» **Brief**: Show, from the entries below, every line in which "with" appears.

Collected data
::::

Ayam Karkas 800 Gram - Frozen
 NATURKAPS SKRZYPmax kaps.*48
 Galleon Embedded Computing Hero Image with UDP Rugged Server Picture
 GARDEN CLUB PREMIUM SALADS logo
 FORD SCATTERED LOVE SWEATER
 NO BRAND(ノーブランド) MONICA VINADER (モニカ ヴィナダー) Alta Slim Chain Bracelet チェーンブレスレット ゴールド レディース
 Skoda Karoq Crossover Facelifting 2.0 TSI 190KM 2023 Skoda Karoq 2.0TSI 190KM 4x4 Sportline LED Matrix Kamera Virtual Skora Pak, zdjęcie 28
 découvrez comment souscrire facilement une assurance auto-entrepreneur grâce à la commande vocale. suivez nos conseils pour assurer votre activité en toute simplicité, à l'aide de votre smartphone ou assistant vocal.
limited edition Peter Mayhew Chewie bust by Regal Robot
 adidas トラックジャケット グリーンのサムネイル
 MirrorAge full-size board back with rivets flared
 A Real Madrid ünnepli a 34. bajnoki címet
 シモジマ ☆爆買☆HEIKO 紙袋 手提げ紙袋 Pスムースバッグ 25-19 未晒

::::

» **Written solution**:
 Galleon Embedded Computing Hero Image with UDP Rugged Server Picture
 MirrorAge full-size board back with rivets flared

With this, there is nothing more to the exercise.